Selon la cliente, il lui recommande de cesser de payer la première police. Elle choisit l’option de l’arrêt de paiement pour éviter une mention négative à son dossier de crédit. Devant le comité, l’intimé affirme qu’il a dit à la cliente de conserver la police du premier assureur.
En mai 2019, il avait dit à l’enquêteur du syndic qu’il ne se rappelait pas les instructions données à la cliente concernant cette police avec le premier assureur. Comme son dossier ne comprend aucune note sur le sujet, le comité estime qu’il est invraisemblable que la lecture de son dossier lui ait permis de se rafraîchir la mémoire.
De plus, l’intérêt pour la cliente de posséder une note de couverture avec le deuxième assureur n’est pas démontré, comme elle est déjà couverte par un autre contrat. Cet aspect n’est pas documenté au dossier.
Considérant l’ensemble de la preuve entourant la souscription de l’assurance vie avec le deuxième assureur, le comité estime que la cliente a compris des représentations de l’intimé que la police serait souscrite par cet assureur. La version de la cliente a été constante durant l’enquête du syndic et le processus disciplinaire.
Les autres chefs
Les chefs 2 à 4 de la plainte portent sur la souscription de la proposition d’assurance auprès d’un troisième assureur en août 2016, qui découle du refus du deuxième.
Selon l’intimé Gauthier, il passe son temps sur la route tandis que l’intimée Lévesque gère ses rendez-vous, monte les dossiers et reçoit le résultat des propositions soumises.
Encore une fois, la preuve est contradictoire concernant la présence de l’intimée Lévesque à la rencontre du 3 août 2016 et sur l’identité de la personne qui fait signer cette nouvelle proposition.
Le comité rappelle que la cliente ne tire aucun avantage de cette affaire et que sa version des faits est sans équivoque. Elle fait confiance à l’intimé Gauthier qui représente son conjoint depuis plusieurs années.

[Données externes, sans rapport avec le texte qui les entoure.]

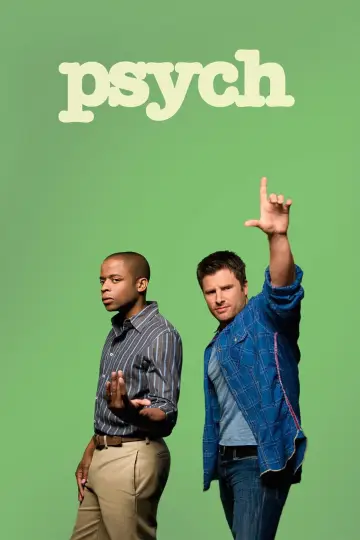 Poster к сериалу "Psych" #1263387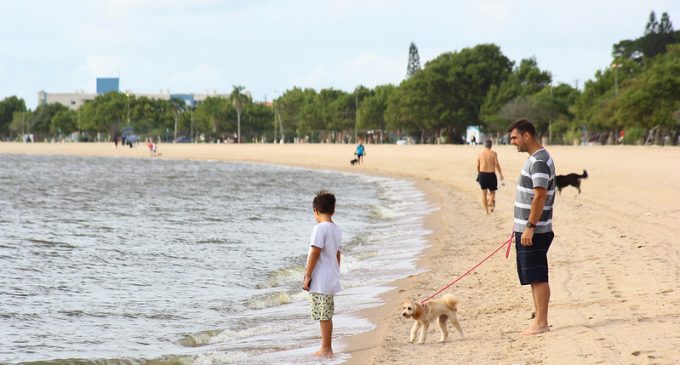 Pela primeira vez, todos os balneários e praias do RS estão próprios para banho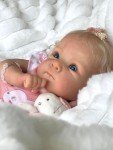 Realistic 18-Inch Silicone Reborn Baby Doll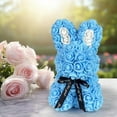 thumbnail image 4 of Iumwxz Valentines Day Gifts for Kids Valentine'S Day Simulation Rose Bunny Cuddle Bunny Birthday Gift Foam Bunny up to 50% off, 4 of 5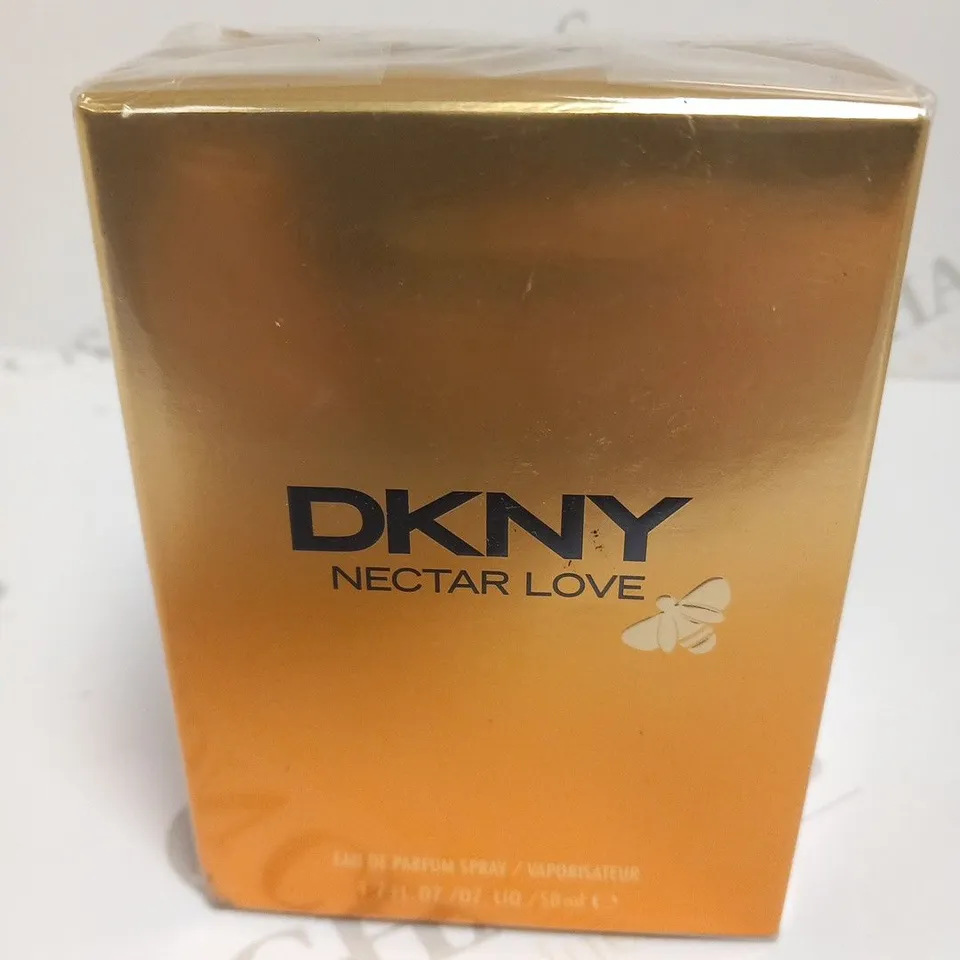 BOXED AND SEALED DKNY NECTAR LOVE EAU DE PARFUM 50ML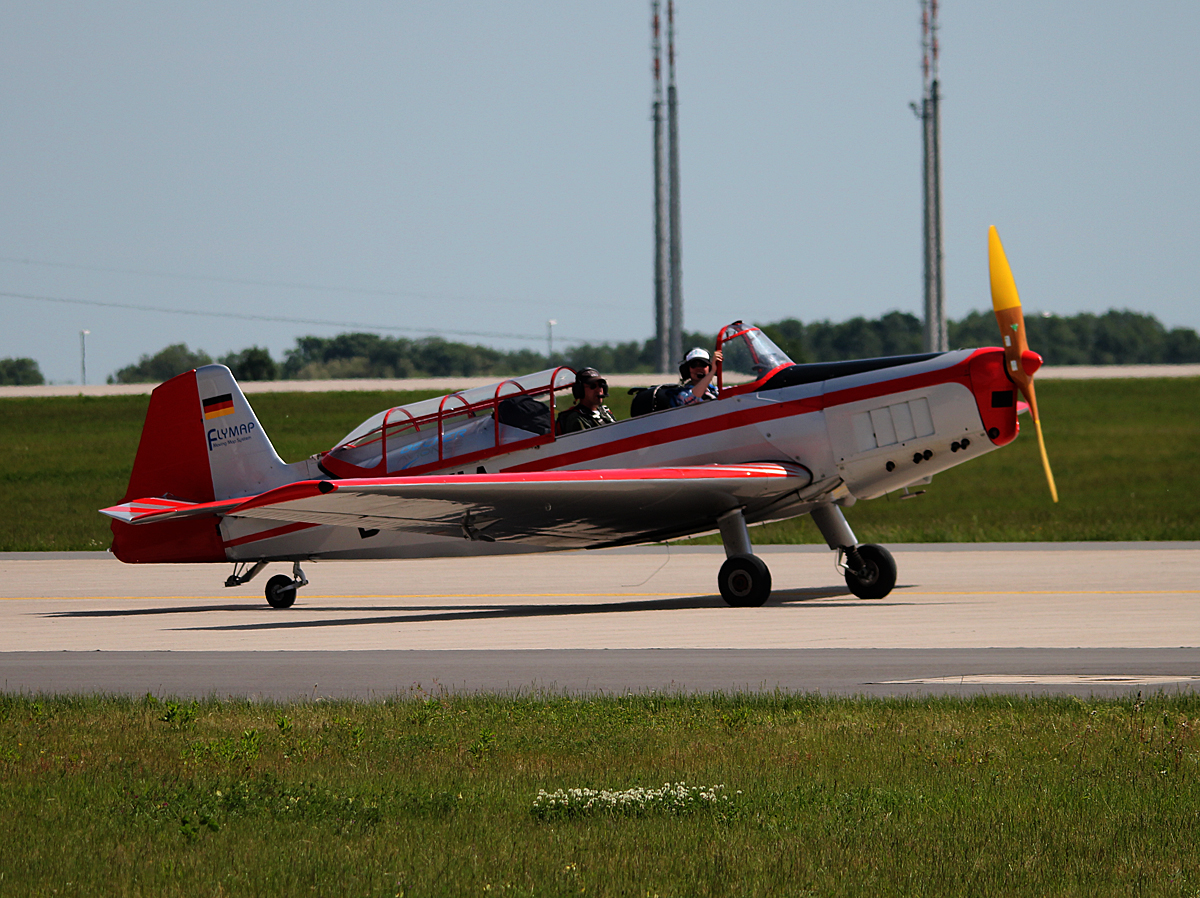Kunstflugstaffel Aero Gera, Zlin-226 Trener, D-EWIA, ILA 2014, 21.05.2014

« II a fallu un laborieux interrogatoire pour, tant soit peu, démêler les informations consignées par les intimés pour l’analyse des besoins financiers (ABF) de la cliente », précise le comité au paragraphe 99 de la décision.
Cette ABF a été construite à partir du dossier du conjoint créé en 2011 et mis à jour au fil des ans. Ce dernier témoigne et contredit l’intimé Gauthier sur la nature incomplète des documents signés ce jour-là par sa cliente. Si les documents avaient été complétés au préalable, comme le prétend l’intimé, elle aurait vu l’erreur commise concernant sa date de naissance.
Même si l’intimée Lévesque a préparé la documentation pour la proposition avec le troisième assureur, cela ne fait pas d’elle la représentante de la cliente, laquelle indique n’avoir jamais parlé ou rencontré cette représentante et ne la connaître que de nom.
L’omission reprochée au chef 4 de la plainte contre l’intimé Gauthier « permettait à Mme Lévesque de prétendre avoir agi comme représentante » de la cliente pour cette nouvelle police. La preuve montre que l’intimé Gauthier a expliqué le produit, s’est rendu au domicile pour lui faire signer les documents et lui a livré la police par la suite.
La date de naissance
Ce n’est qu’en juin 2018 que la date de naissance de la cliente sera changée sur le contrat du nouvel assureur (chef 5). La cliente communique elle-même avec l’assureur pour faire corriger son dossier, lequel sera par la suite confié à un autre représentant.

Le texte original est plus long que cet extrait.